** AVAILABLE RECORDS follows **

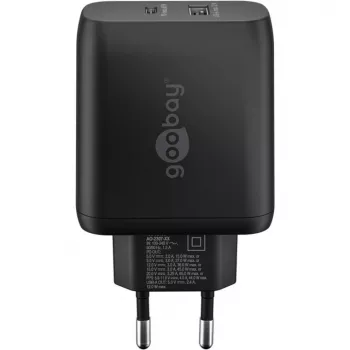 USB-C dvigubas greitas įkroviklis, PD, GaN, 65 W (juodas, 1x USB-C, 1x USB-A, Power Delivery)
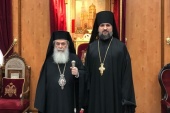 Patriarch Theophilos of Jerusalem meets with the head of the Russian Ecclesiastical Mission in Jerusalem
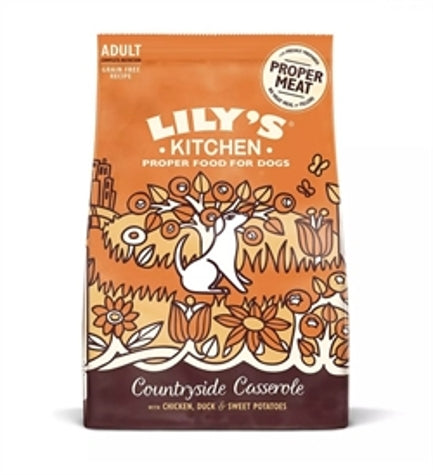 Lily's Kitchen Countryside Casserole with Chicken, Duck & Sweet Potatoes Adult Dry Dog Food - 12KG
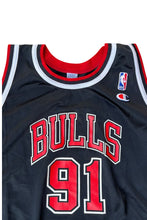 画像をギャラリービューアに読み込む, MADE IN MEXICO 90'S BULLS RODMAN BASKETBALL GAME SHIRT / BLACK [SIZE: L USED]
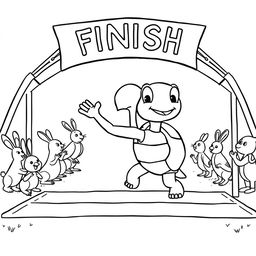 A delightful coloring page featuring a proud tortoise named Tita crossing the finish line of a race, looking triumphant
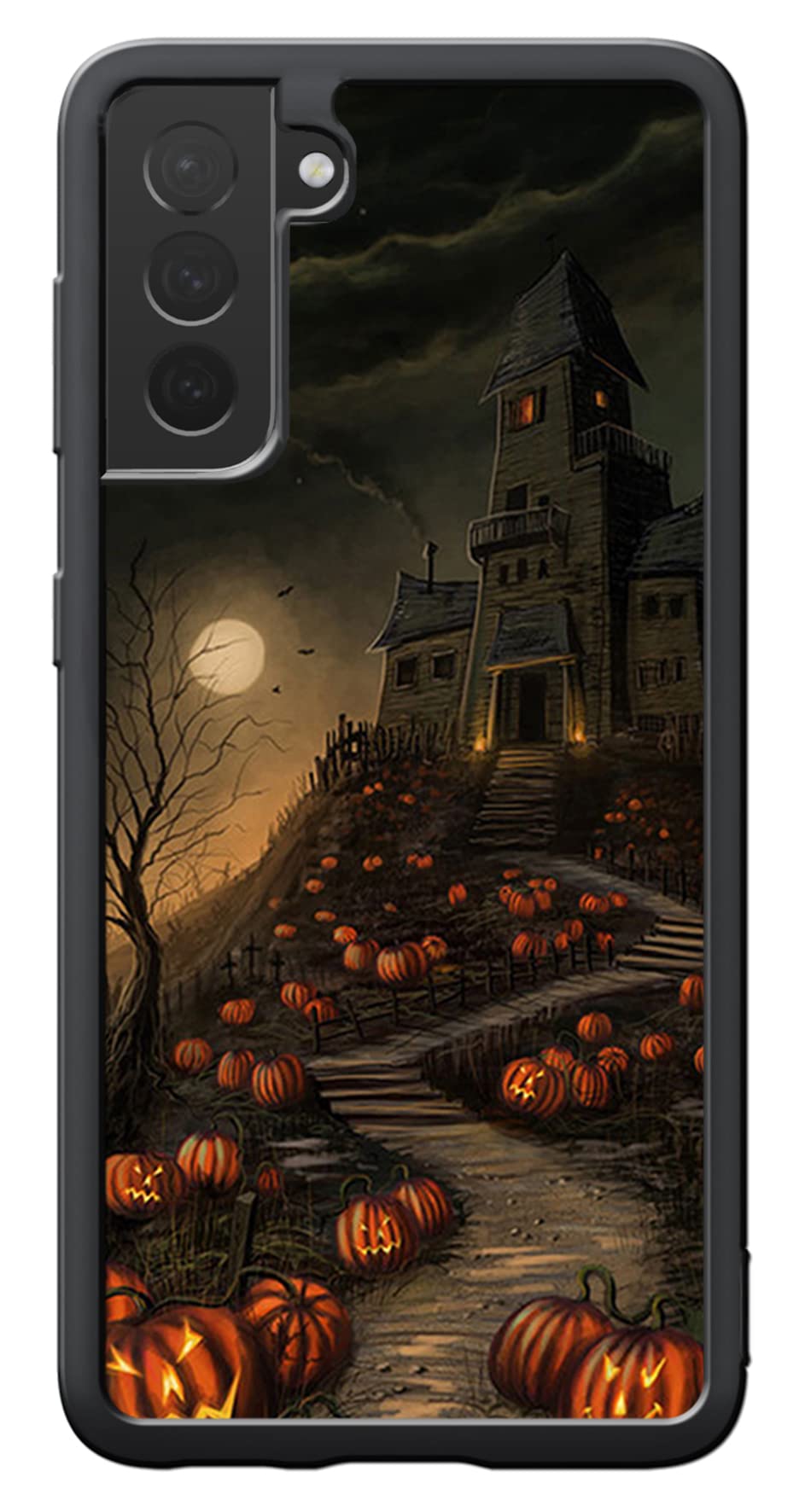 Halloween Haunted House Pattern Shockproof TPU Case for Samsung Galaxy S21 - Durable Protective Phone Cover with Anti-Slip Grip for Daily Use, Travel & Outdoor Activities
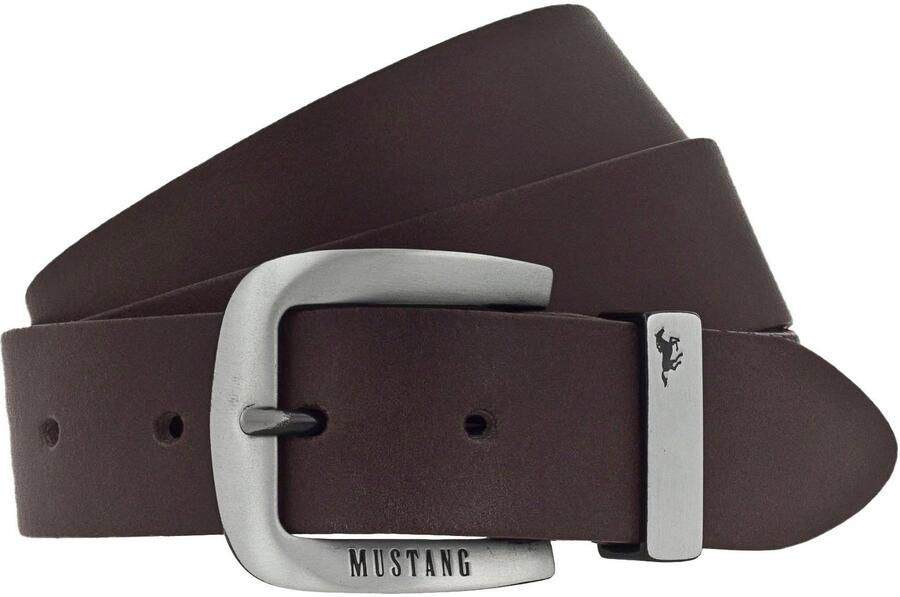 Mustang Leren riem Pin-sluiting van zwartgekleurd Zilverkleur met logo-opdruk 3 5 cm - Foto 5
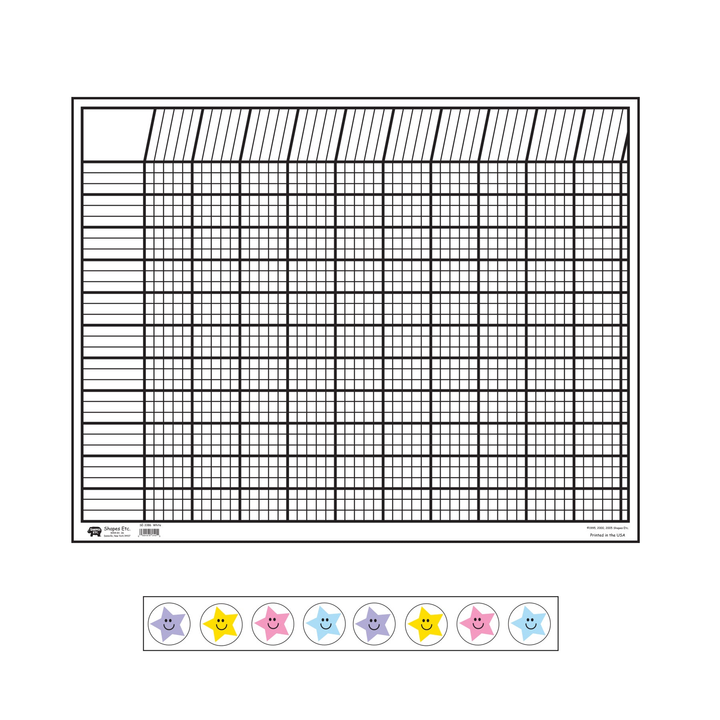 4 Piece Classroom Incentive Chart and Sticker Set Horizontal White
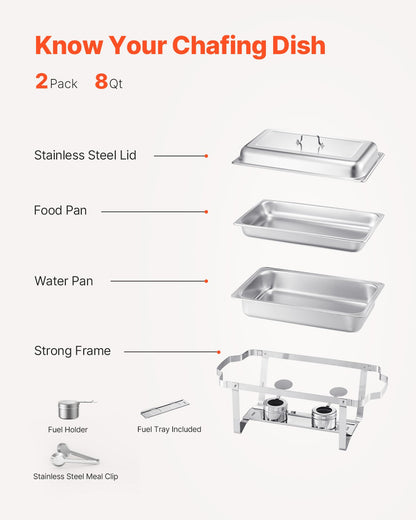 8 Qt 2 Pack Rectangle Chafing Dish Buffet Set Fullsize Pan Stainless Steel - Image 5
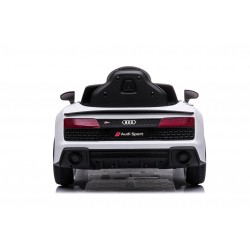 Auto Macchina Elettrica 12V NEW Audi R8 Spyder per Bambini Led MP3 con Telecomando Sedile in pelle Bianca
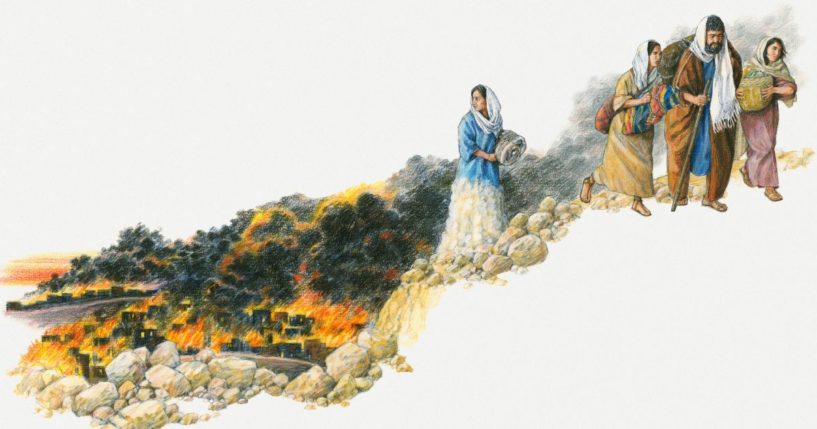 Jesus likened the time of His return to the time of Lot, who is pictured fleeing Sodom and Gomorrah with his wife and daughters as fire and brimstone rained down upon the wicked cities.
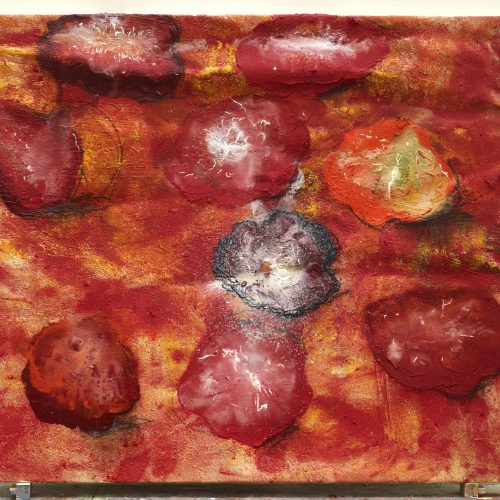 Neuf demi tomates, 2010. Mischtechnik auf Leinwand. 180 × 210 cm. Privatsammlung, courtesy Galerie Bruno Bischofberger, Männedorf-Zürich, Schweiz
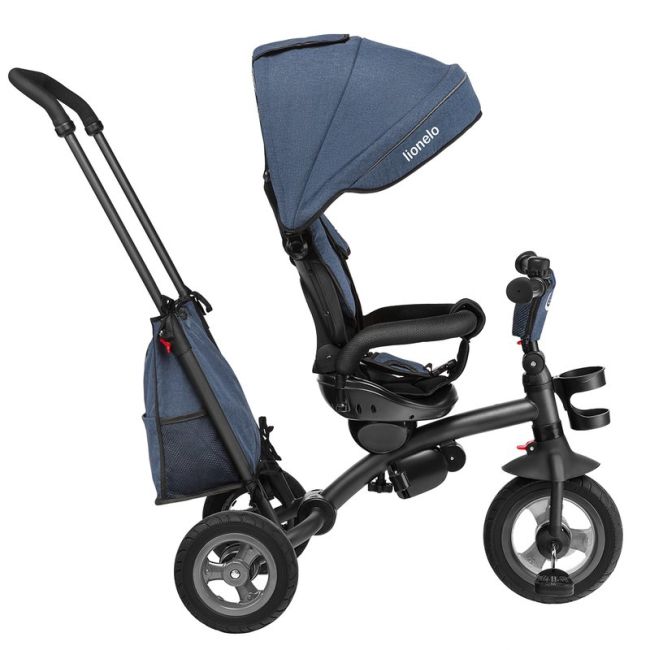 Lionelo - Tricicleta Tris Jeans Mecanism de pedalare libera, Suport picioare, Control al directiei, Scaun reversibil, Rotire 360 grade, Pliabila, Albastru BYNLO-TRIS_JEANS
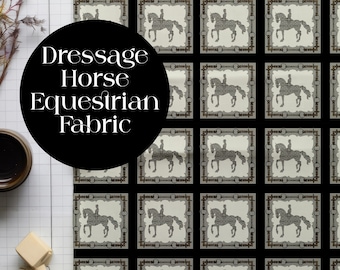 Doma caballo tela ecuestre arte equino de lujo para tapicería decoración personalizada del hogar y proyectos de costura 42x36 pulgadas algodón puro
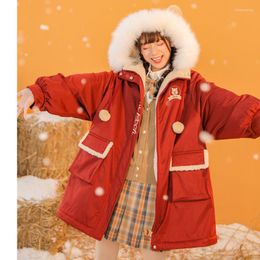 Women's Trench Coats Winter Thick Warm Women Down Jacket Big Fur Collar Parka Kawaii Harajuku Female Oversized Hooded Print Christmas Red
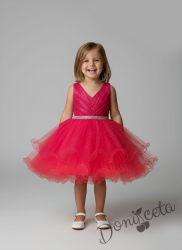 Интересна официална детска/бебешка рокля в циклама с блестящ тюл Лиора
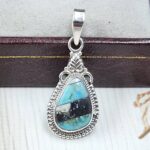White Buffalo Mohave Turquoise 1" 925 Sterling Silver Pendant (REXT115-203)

** End of AVAILABLE RECORDS **

▶ **PROBLEM REQUIREMENTS**
In the answer, give only the lines from the one containing "Auto Macchina Elettrica" through the end of the records above, each reproduced exactly. Include no pictures.

▶ **TASK ANSWER**
 Auto Macchina Elettrica 12V NEW Audi R8 Spyder per Bambini Led MP3 con Telecomando Sedile in pelle Bianca
 Jesus likened the time of His return to the time of Lot, who is pictured fleeing Sodom and Gomorrah with his wife and daughters as fire and brimstone rained down upon the wicked cities.
 Neuf demi tomates, 2010. Mischtechnik auf Leinwand. 180 × 210 cm. Privatsammlung, courtesy Galerie Bruno Bischofberger, Männedorf-Zürich, Schweiz
 Lionelo - Tricicleta Tris Jeans Mecanism de pedalare libera, Suport picioare, Control al directiei, Scaun reversibil, Rotire 360 grade, Pliabila, Albastru BYNLO-TRIS_JEANS
 Doma caballo tela ecuestre arte equino de lujo para tapicería decoración personalizada del hogar y proyectos de costura 42x36 pulgadas algodón puro
 Women's Trench Coats Winter Thick Warm Women Down Jacket Big Fur Collar Parka Kawaii Harajuku Female Oversized Hooded Print Christmas Red
 Интересна официална детска/бебешка рокля в циклама с блестящ тюл Лиора
White Buffalo Mohave Turquoise 1" 925 Sterling Silver Pendant (REXT115-203)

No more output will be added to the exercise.